Eventually, we were considered the lucky ones: part of the wave of refugees who left Liberia in 1990 to settle in America in northeastern states like Maryland, Rhode Island and New York. My mother was a Fulbright scholar at Columbia University Teachers College at the time, and we made our new home in her dorm room while awaiting her graduation. It was not the size of the space or the irremovable stains that swathed the old floor that took adjusting to; it was the realization that a mother we had not seen in almost a year stood over a stove every night holding books with titles like Principles of Education in the Age of Humanism, as three little girls wrestled with the happiness of her presence and the fear that a ghost of her paced before them. It was having a father who left early in the mornings to look for work or news of a possible return to Liberia, only to return home with nothing to give us but new words to write in spiral notebooks.

He quickly found, like most new immigrants to America from third-world countries, that the education that afforded him maids and private schooling for his daughters in Liberia was not good enough for an engineering job in the United States. Instead of succumbing to self-pity or alcohol to deaden the pain of his sudden riches to rags crisis, he took whatever job he could find to make sure we always had food on the table in the evening -- and books.

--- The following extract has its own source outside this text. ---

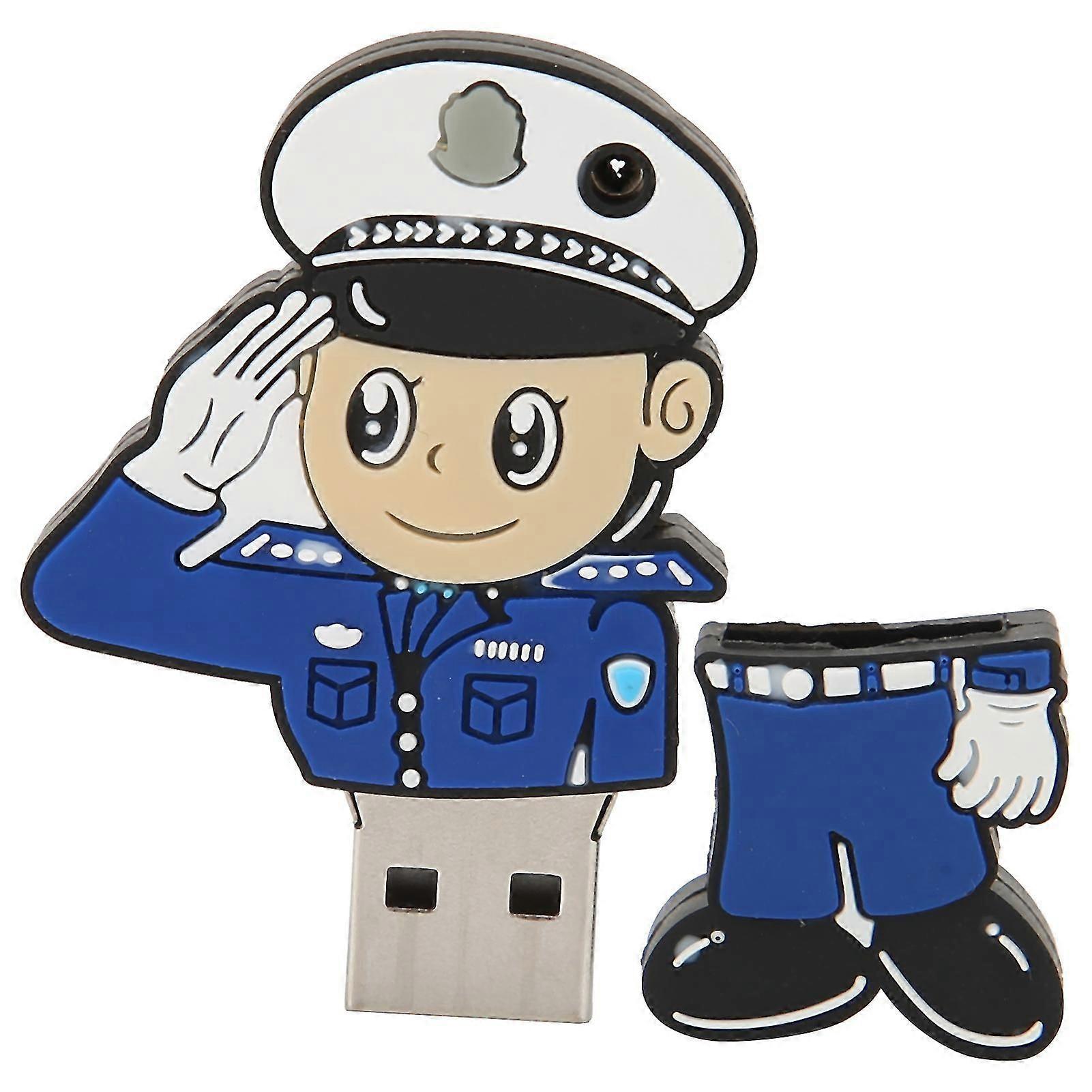 64GB Cartoon Cop-Shaped USB 2.0 Flash Drive for Windows, Mac & Linux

We are the story of the black immigrant family in America. Those shop owners and nannies and security men and taxi drivers and hair braiders and cleaners and doormen--many of these are my father--many were intellectuals, businessmen, teachers and even doctors in their native homes, only to come here to struggle since their "African" degrees were deemed unaccredited by a strict international academic hierarchy. The result is an aggressive pursuit of an American education for their children, something many, like my father, would give anything to see accomplished. As the years passed and I noticed in his sunken eyes that he had lost hope in ever returning home, as the words in my notebooks grew in number from the days my father sat with us and offered all he could give--his mind and stories about men like Steve Biko, Patrice Lumumba, Martin Luther King Jr. and Marcus Garvey and what their educations had afforded them and their people--I made a promise that I would continue in this legacy of sharing words as a means of empowerment, strength and coping.

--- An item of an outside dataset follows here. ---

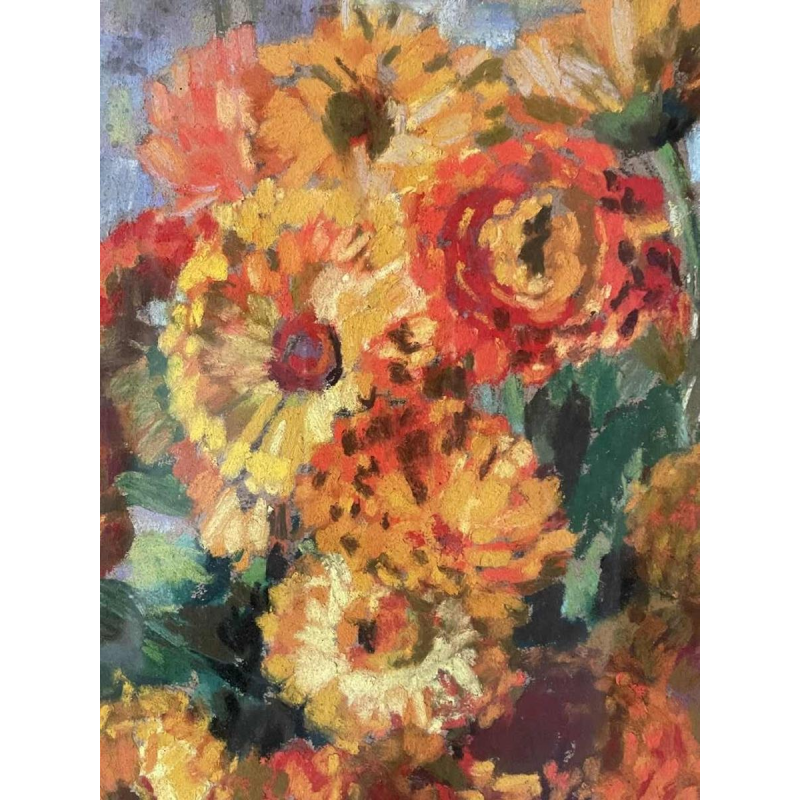 Berthe SERRURE (1891-1985) « Bouquet de fleurs » technique mixte 60x50 cm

This January I launched a children's book publishing company: One Moore Book. One Moore Book provides children's literature for the children of countries with low literacy rates. Each cycle of books caters to the children of one country, and our first cycle, dedicated to my father, is for the children of Liberia. My four siblings and I research, write and illustrate all books to match the culture, foods and cities of the featured country. My hope is to give children the peace I was granted by the words my father gave me, by allowing them to see themselves in literature. I also think it is important to provide books about foreign countries to children in the United States, to increase the overall awareness of the world outside to those who may never have an opportunity to leave. After this cycle I hope to offer words to the children of places like Haiti, Bolivia and Afghanistan, words similar to those that helped me and my sisters mute the sounds of the war outside.

I will never be able to give my father back the twenty years he spent working to educate us, or the home and life in Liberia he lost. I repay his sacrifice by honoring the education he fought for and offering my art to the world, with stories that make the histories and narratives of my people come alive, with words to live by and a legacy I promise I will not disappoint.